**Web page caption snippets:**

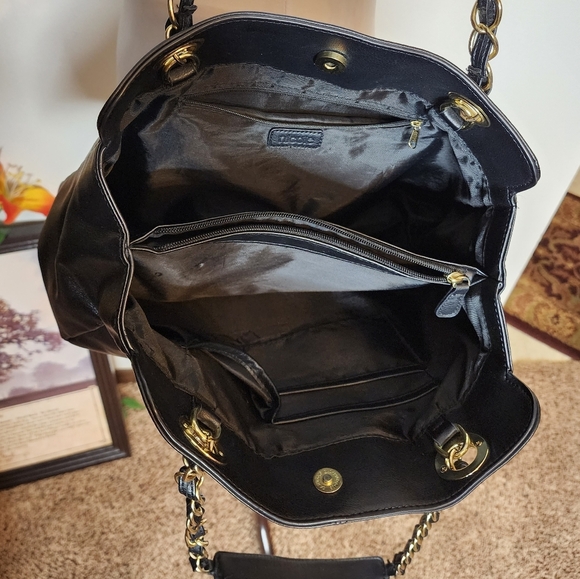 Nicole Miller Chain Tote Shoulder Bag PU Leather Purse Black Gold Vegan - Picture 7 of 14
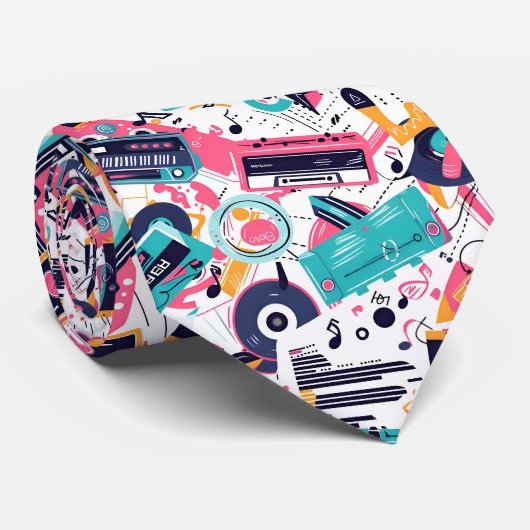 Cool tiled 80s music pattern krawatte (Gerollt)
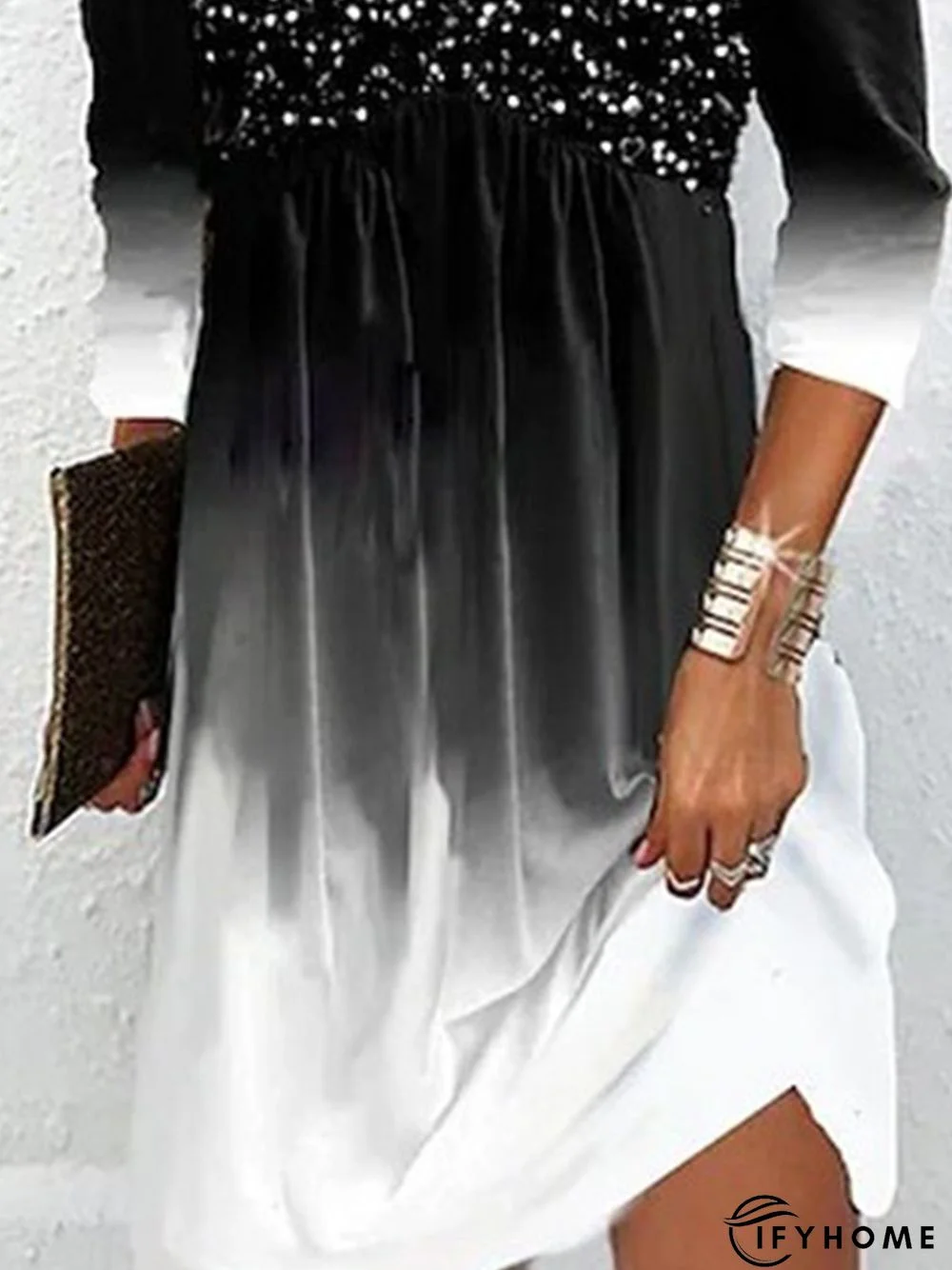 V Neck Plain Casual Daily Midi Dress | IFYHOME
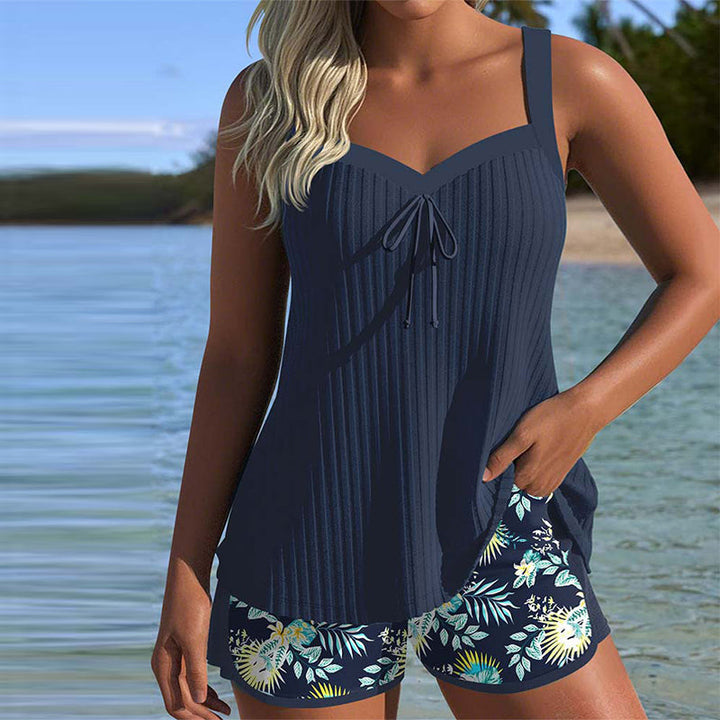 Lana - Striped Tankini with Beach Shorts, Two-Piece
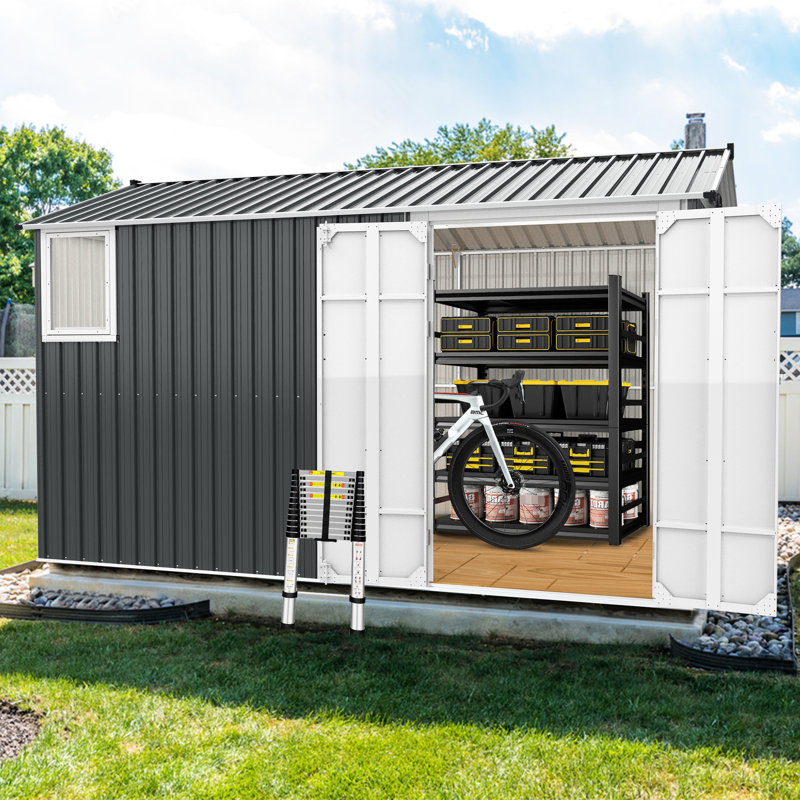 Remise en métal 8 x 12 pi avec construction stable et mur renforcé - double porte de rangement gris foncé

**What to do:**
Send back the data above verbatim, leaving out its pictures.

**Response box:**
 Nicole Miller Chain Tote Shoulder Bag PU Leather Purse Black Gold Vegan - Picture 7 of 14
 Cool tiled 80s music pattern krawatte (Gerollt)
 V Neck Plain Casual Daily Midi Dress | IFYHOME
 Lana - Striped Tankini with Beach Shorts, Two-Piece
 Remise en métal 8 x 12 pi avec construction stable et mur renforcé - double porte de rangement gris foncé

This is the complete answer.